▸ What to work on
Can you quote, word for word, every line from the first line of the records below through the line containing "Nissan Sunny 2002", and nothing else?

▸ Data section
= = = = =

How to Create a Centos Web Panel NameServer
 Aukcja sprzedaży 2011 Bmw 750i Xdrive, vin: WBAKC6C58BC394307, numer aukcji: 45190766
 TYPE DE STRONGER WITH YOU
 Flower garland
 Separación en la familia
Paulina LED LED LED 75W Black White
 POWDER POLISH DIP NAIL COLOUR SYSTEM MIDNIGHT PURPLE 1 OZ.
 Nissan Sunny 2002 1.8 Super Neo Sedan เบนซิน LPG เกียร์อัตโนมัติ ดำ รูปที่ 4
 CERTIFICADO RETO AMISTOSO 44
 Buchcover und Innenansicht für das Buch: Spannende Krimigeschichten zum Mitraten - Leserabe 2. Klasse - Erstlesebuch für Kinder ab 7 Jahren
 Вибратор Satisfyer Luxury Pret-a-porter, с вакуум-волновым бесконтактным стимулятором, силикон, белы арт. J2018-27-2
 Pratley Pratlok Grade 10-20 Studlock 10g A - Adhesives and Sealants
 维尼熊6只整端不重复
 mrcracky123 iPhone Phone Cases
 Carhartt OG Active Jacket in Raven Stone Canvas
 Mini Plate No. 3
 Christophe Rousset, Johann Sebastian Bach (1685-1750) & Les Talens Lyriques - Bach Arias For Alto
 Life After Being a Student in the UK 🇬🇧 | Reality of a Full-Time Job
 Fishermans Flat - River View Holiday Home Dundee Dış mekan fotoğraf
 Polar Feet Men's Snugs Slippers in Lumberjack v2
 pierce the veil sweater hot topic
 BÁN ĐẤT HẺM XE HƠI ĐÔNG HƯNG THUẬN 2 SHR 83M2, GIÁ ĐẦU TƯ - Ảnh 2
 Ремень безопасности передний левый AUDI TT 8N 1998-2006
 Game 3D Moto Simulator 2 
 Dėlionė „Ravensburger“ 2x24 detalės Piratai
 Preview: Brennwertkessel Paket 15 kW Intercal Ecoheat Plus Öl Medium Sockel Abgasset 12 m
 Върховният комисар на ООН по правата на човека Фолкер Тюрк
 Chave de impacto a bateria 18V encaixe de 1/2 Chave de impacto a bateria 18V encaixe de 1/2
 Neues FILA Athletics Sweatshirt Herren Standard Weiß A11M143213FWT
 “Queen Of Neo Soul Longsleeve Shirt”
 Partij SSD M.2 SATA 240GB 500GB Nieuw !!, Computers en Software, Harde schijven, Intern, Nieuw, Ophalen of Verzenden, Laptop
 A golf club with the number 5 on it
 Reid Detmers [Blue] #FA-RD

= = = = =

▸ Written response
How to Create a Centos Web Panel NameServer
 Aukcja sprzedaży 2011 Bmw 750i Xdrive, vin: WBAKC6C58BC394307, numer aukcji: 45190766
 TYPE DE STRONGER WITH YOU
 Flower garland
 Separación en la familia
Paulina LED LED LED 75W Black White
 POWDER POLISH DIP NAIL COLOUR SYSTEM MIDNIGHT PURPLE 1 OZ.
 Nissan Sunny 2002 1.8 Super Neo Sedan เบนซิน LPG เกียร์อัตโนมัติ ดำ รูปที่ 4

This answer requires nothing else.